About this exercise
Pictures in the listing below are skipped, while the lines from the "Close-up shot of" line through the "Vista laterale dell'escursionista" line are returned word for word.

Exercise materials
■ ■ ■

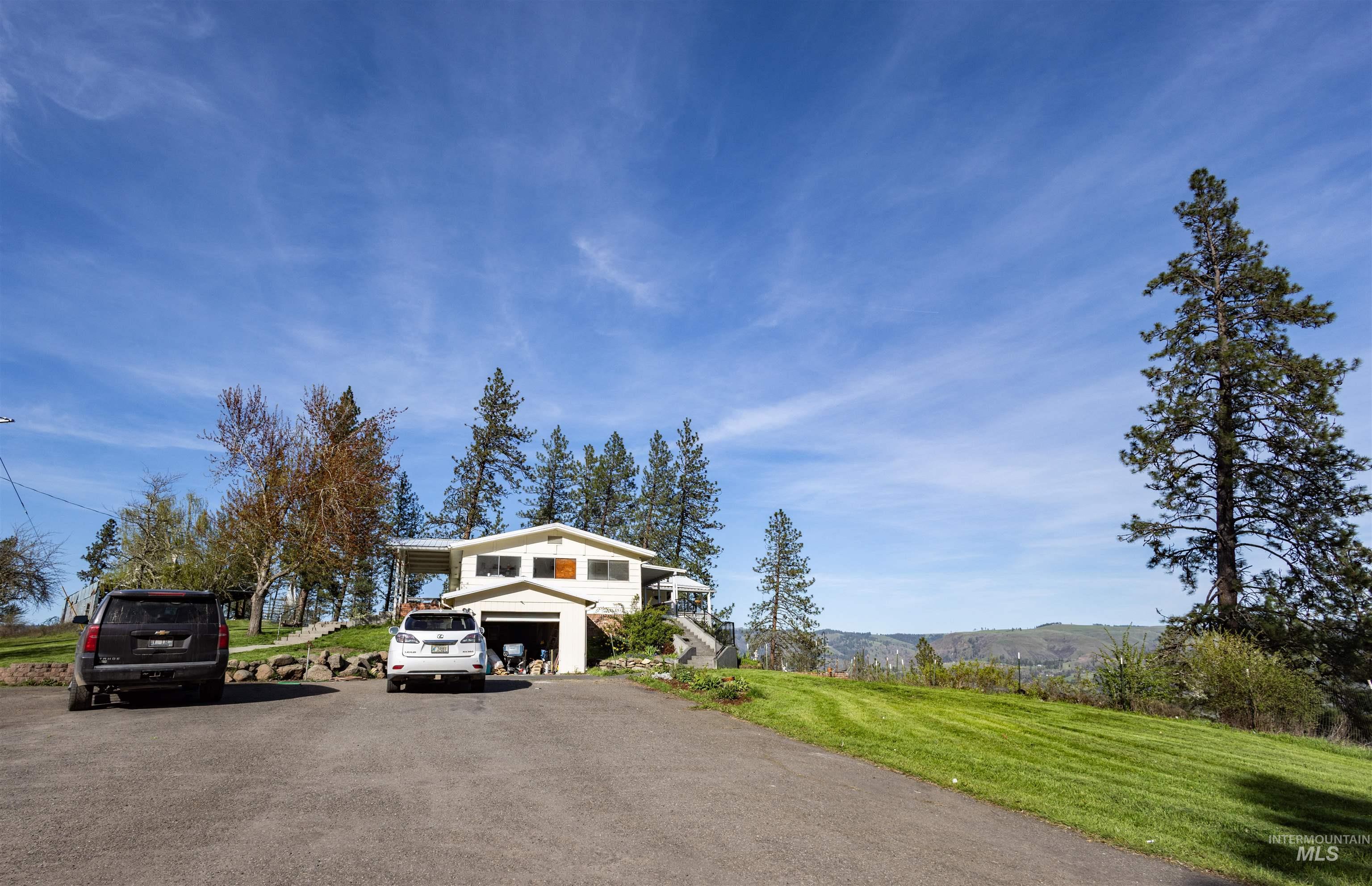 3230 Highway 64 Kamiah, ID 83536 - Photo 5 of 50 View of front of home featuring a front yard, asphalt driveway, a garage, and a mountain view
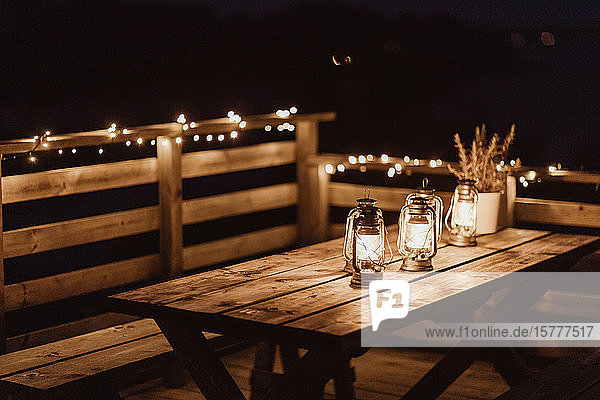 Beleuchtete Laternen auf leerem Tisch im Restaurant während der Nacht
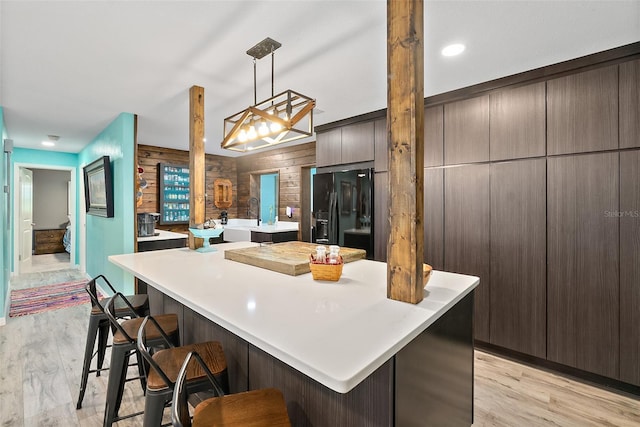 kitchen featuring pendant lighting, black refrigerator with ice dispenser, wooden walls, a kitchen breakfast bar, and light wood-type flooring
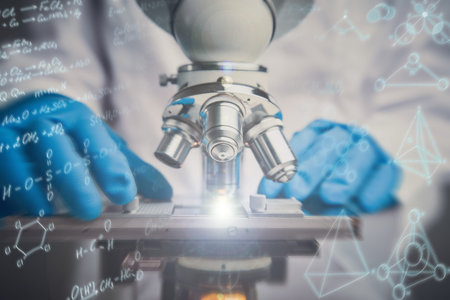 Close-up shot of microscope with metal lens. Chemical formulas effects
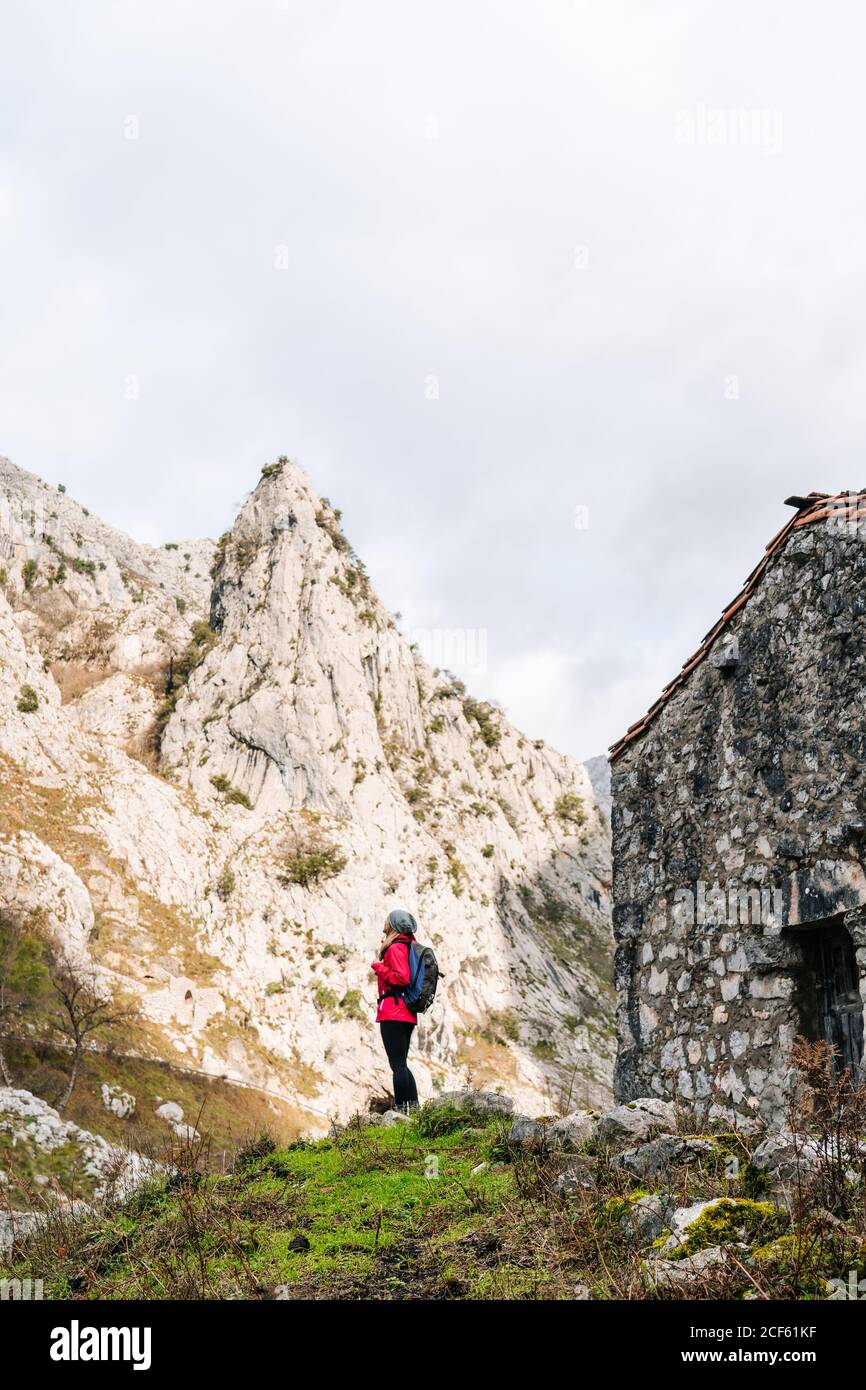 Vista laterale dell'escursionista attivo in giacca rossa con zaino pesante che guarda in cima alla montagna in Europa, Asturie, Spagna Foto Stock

■ ■ ■

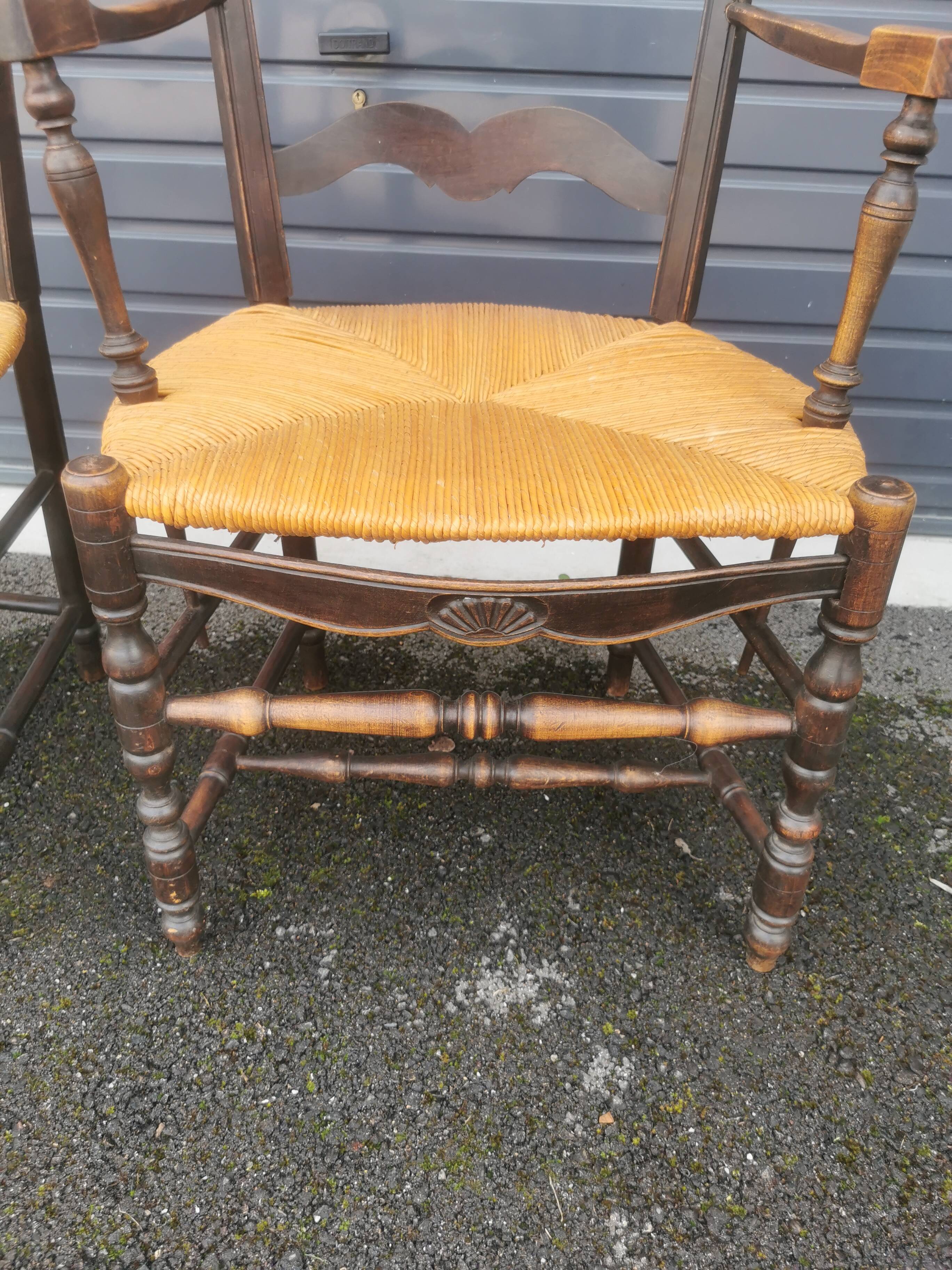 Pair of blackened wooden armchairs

■ ■ ■

Task answer
 Close-up shot of microscope with metal lens. Chemical formulas effects
 Vista laterale dell'escursionista attivo in giacca rossa con zaino pesante che guarda in cima alla montagna in Europa, Asturie, Spagna Foto Stock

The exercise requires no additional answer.